» **WHAT TO PRODUCE**: If a record below holds a picture, leave the picture out and copy the rest exactly.
━━━━━ PROVIDED DATA ━━━━━
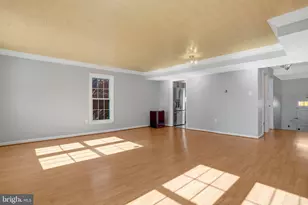 8070 Powderbrook Ln, Springfield, VA 22153 - Photo 13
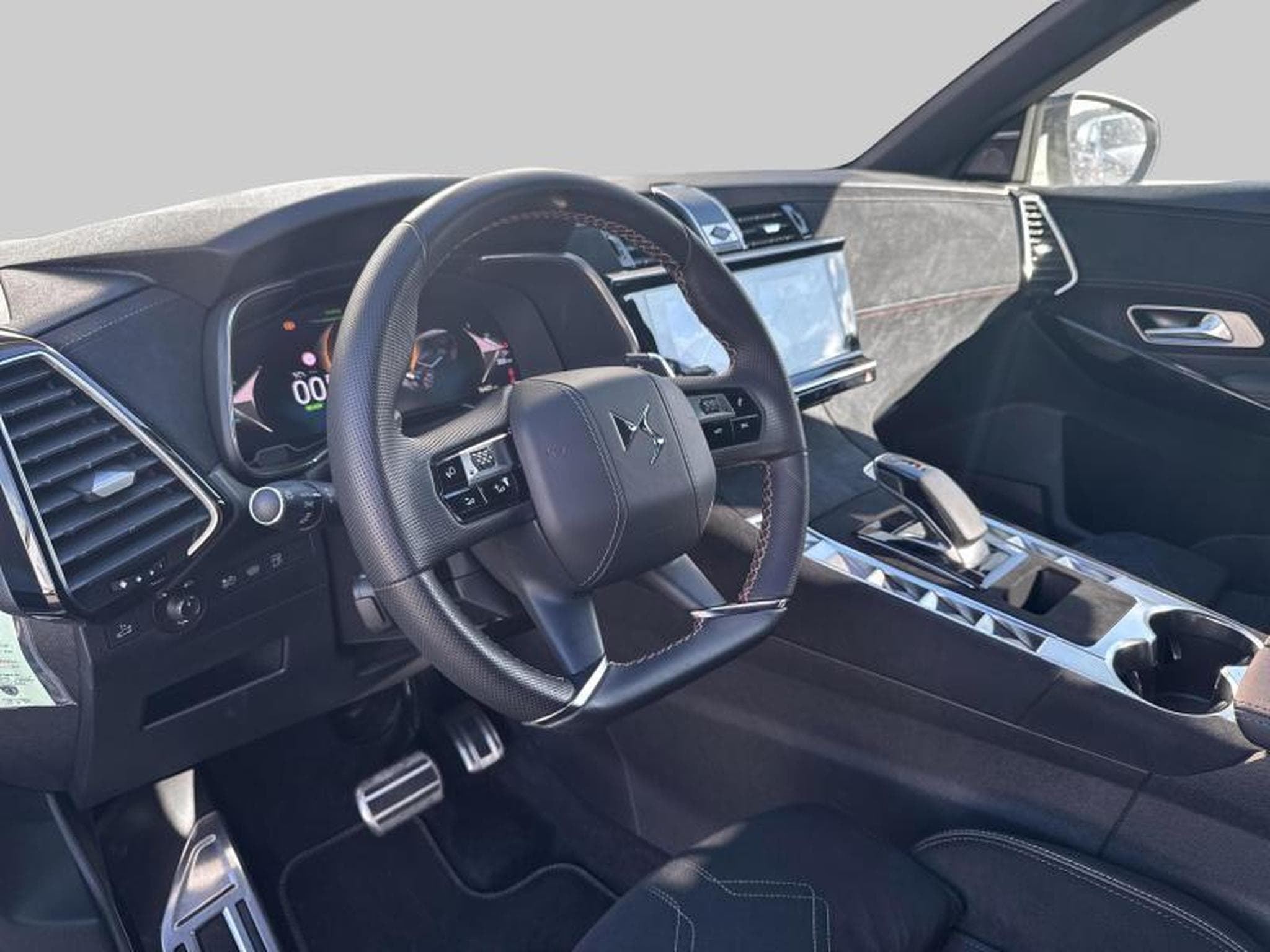 DS Automobiles DS7 E-Tense 300 Performance Line + (2023) - Photo 11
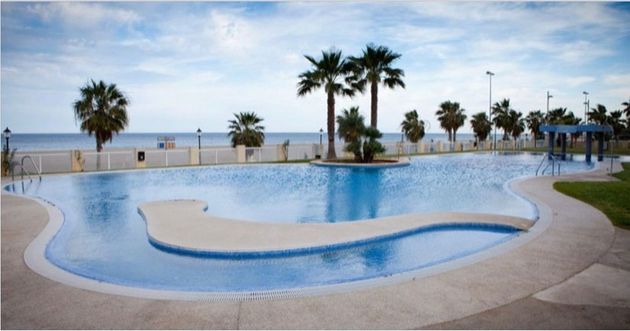Foto 2 de Ático en alquiler en El Puerto - Romanilla de 2 habitaciones con terraza y piscina
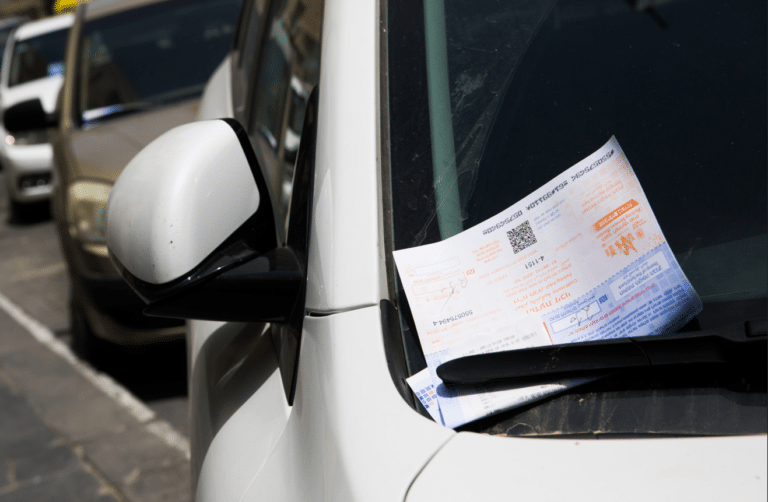 שערורייה בפתח תקווה: דו"חות חניה חולקו בליל בשבת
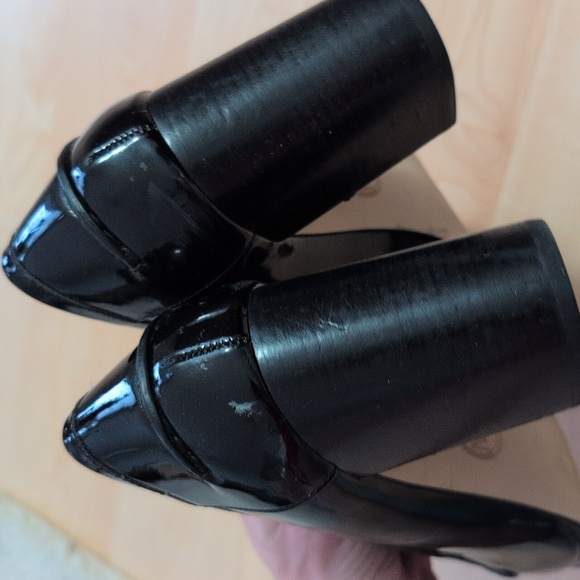 MICHAEL Michael Kors Black Patent Leather Loafers with Gold Accents - Picture 6 of 7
━━━━━
» **OUTPUT FOR THIS EXERCISE**:
 8070 Powderbrook Ln, Springfield, VA 22153 - Photo 13
 DS Automobiles DS7 E-Tense 300 Performance Line + (2023) - Photo 11
Foto 2 de Ático en alquiler en El Puerto - Romanilla de 2 habitaciones con terraza y piscina
 שערורייה בפתח תקווה: דו"חות חניה חולקו בליל בשבת
 MICHAEL Michael Kors Black Patent Leather Loafers with Gold Accents - Picture 6 of 7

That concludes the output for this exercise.